OK, so since this morning, I’ve just come across a brief that the US Hemp Roundtable’s counsel submitted in support to the transport company who’s drivers were arrested and 18k lbs hemp material seized in OK. The definition is clear:

The federal definition of hemp depends only on plant species and THC concentration.
The products seized from Big Sky constitute federally-legal hemp under the 2018 Farm
Bill, so long as they contain the plant Cannabis sativa L. (or parts of the plant) and have a THC
concentration of 0.3% or less on dry weight basis. Their status as hemp does not depend on being
produced under any particular law. The 2018 Farm Bill expands the federal definition of hemp as
The term ‘hemp’ means the plant Cannabis sativa L. and any part of that plant, including
the seeds thereof and all derivatives, extracts, cannabinoids, isomers, acids, salts, and salts
of isomers, whether growing or not, with a delta-9 tetrahydrocannabinol concentration of
not more than 0.3 percent on a dry weight basis.
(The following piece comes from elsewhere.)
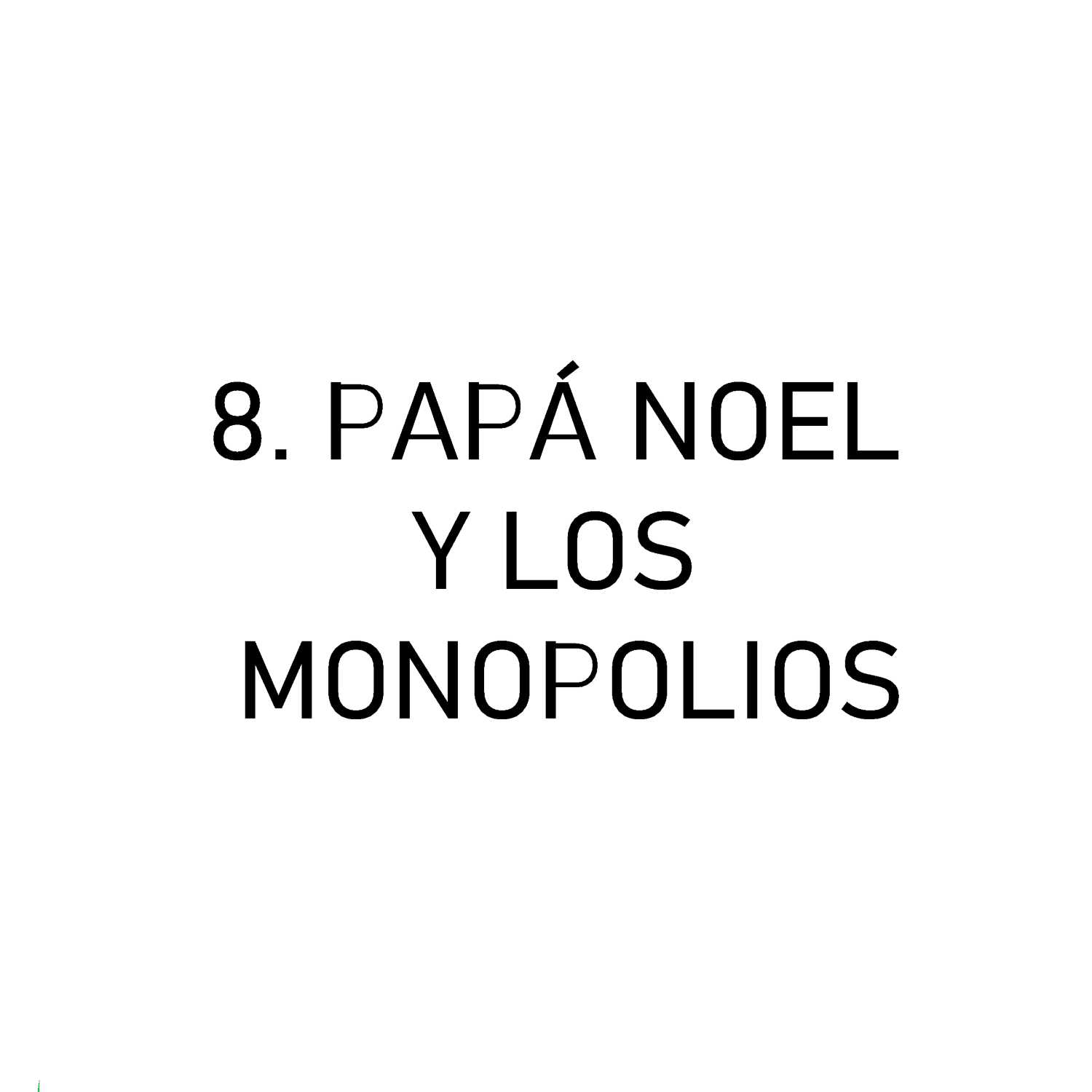 8. Papá Noel y los monopolios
See id. § 10113 (Subtitle G, Section 297A(1)). Nothing in this definition limits hemp to hemp
produced under the 2018 Farm Bill or any other law. Indeed, apart from plant species (Cannabis
sativa L.) and THC concentration on a dry-weight basis, the definition contains no limitations.
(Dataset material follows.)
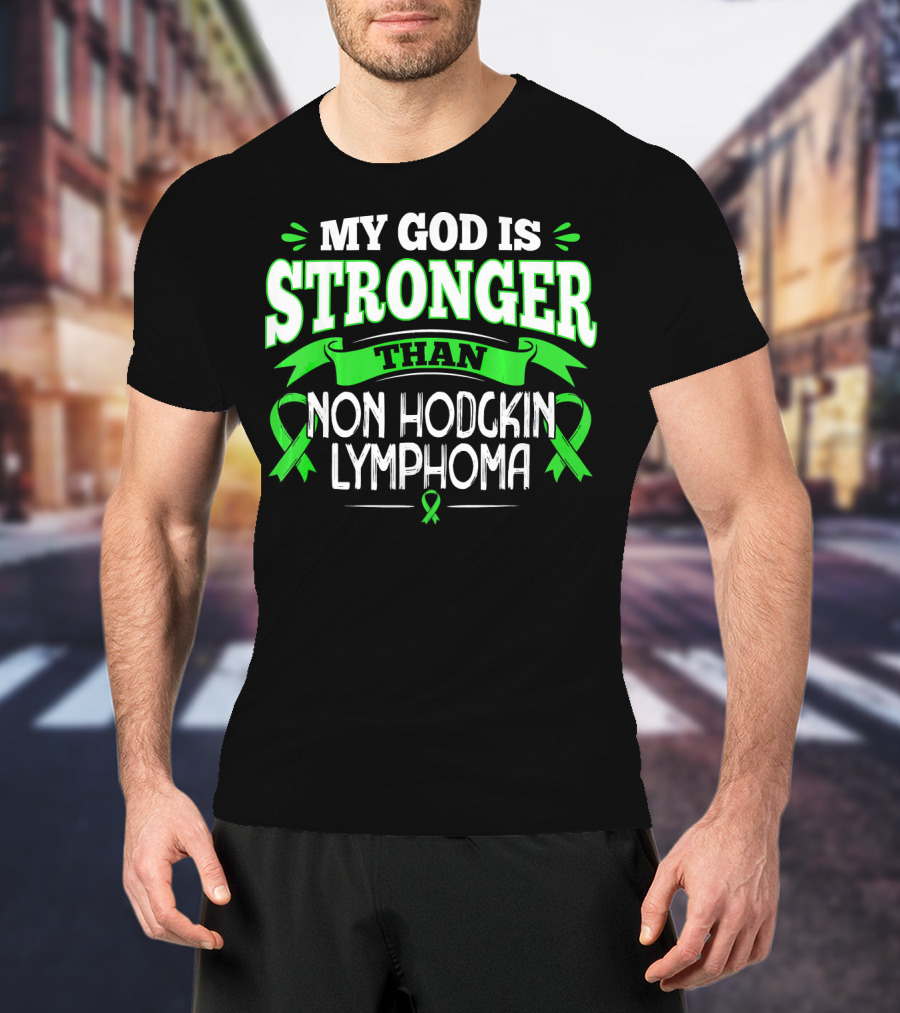 My God Is Stronger Than Non Hodgkin Lymphoma T-Shirt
Sorry to use the network as a sounding block. I do appreciate each and everyone of you in this industry. I see the Cannabis and Hemp industries as sibling industries that can support one another. I hope this was helpful. If anyone would like to read the entire brief from the US Hemp Roundtable :


Most people refer to “high” as Sativa and “Couch lock” as indica, biologic classifications are actually much different. “Sativas” are actually C. Indica , “Indicas” are C. Afghanica, and “Hemp/CBD” plants are C.Sativa.
I’ll wait for the blowing of minds.
So when the US government refers to C.Sativa , they are strictly referring to what we know as Hemp/CBD A.K.A. “The artist formerly know as”( my Prince homage) Ruderalis.
Just reiterating what Cannabisbuyer stated above to clear any confusion on nomenclature , but a little more laymen.